Tuesday, October 03, 2006

Who's an Oxymoron Now?

Andrew Sullivan had a strange post last week in which he asked rhetorically whether the term "Muslim writer" is "becoming an oxymoron".

At issue was a missive from a Muslim journalist writing about a beheading of a writer in Somalia and the very real phenomenon of self-censorship among Muslim writers who fear they may be one wrong word from a similar fate at the hands of extremists. But Sullivan's question speaks both to his tendency towards wild overstatement when it comes to writing about Islam, and to a certain one-dimensionality in his thinking about Muslims.


Orhan Pamuk—Not an oxymoron

After all, the term "Muslim writer" covers a huge swath of literary territory, from Fareed Zakaria to Khaled Hosseini, and from Shirin Ebadi to Ahdaf Soueif.
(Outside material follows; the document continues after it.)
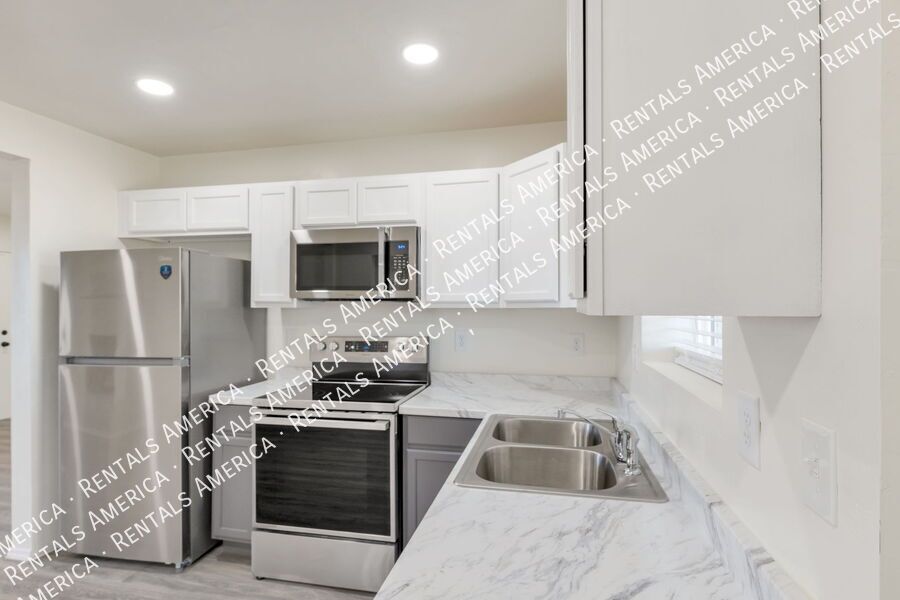 Charming Remodeled 3-Bedroom 1 Bathroom Home property image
It also includes Sullivan's friend, Salman Rushdie, who knows all too well the wrath of the fatwa, and who has felt safe enough to be out of hiding for some time now.
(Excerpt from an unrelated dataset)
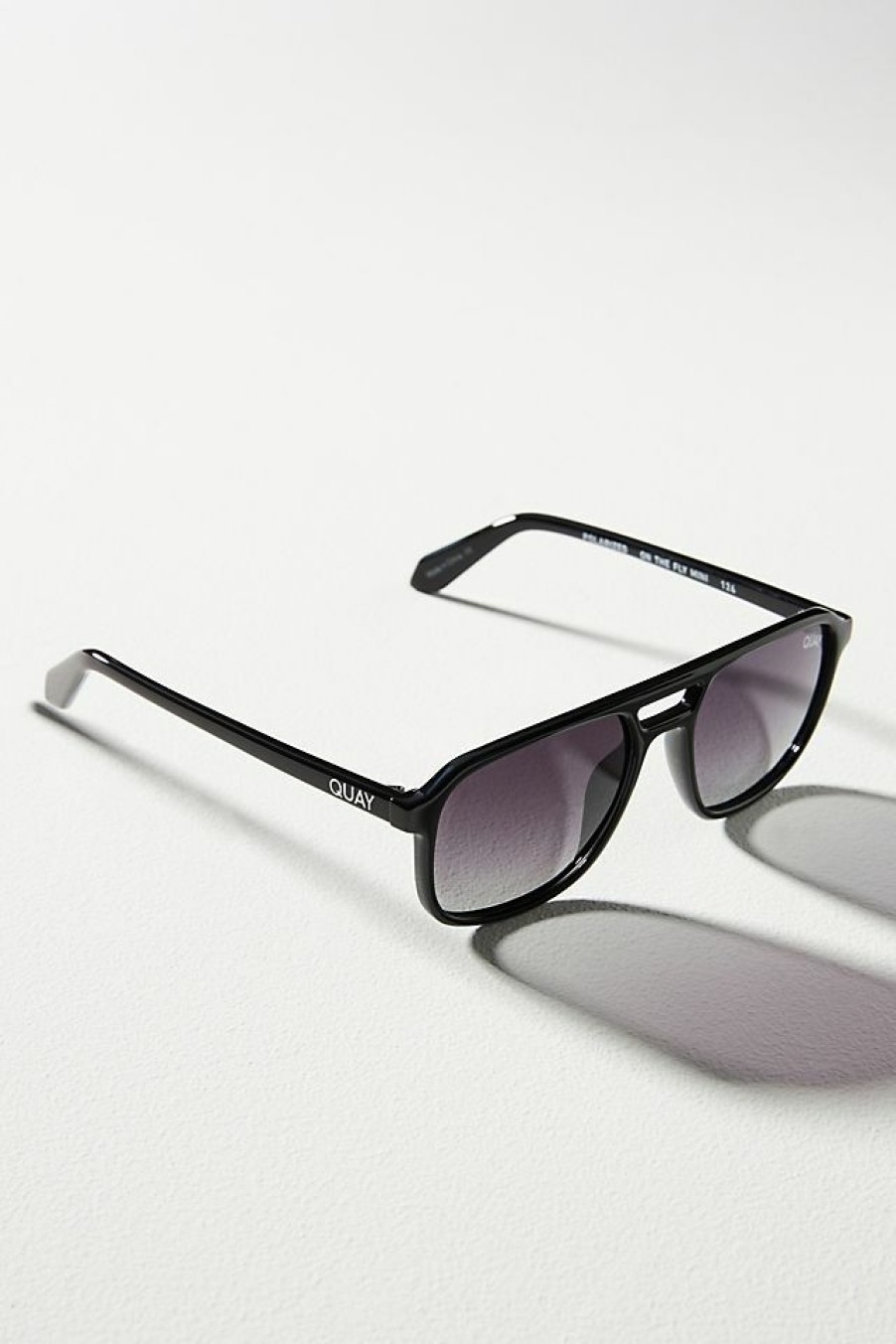 Getaway & Resort Wear * | Cheapest Quay On The Fly Mini Sunglasses Black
Critically, the penumbra of Muslim writers also covers the likes of Orhan Pamuk and Elif Shafak of Turkey, Muhammad Salih and Yusuf Jumayev of Uzbekistan, and Sonallah Ibrahim of Egypt—all of whom have been imperiled not by Islamic fundamentalists, but by the same secular, nationalistic governments that are tasked with keeping Islamic radicalism at bay.

Sullivan's flip question reveals a certain narrow-mindedness when it comes to Islam. To him, apparently, there is only one kind of Muslim writing, and that's writing about Islam. He essentializes the Muslim literary and journalistic mind, and in so doing, gives short shrift to the great variety of writing that comes from Muslims and from the Muslim world.

There's no question that there are some very serious problems in the world of Muslim letters. To simplify things to the point of absurdity, however, is no way to begin to address those problems. A god-awful event in Somalia is a warning sign to be taken seriously, but that doesn't make it typical of the Muslim world, and it's certainly not a proper jumping-off point for a statement about the state of Muslim writing in general.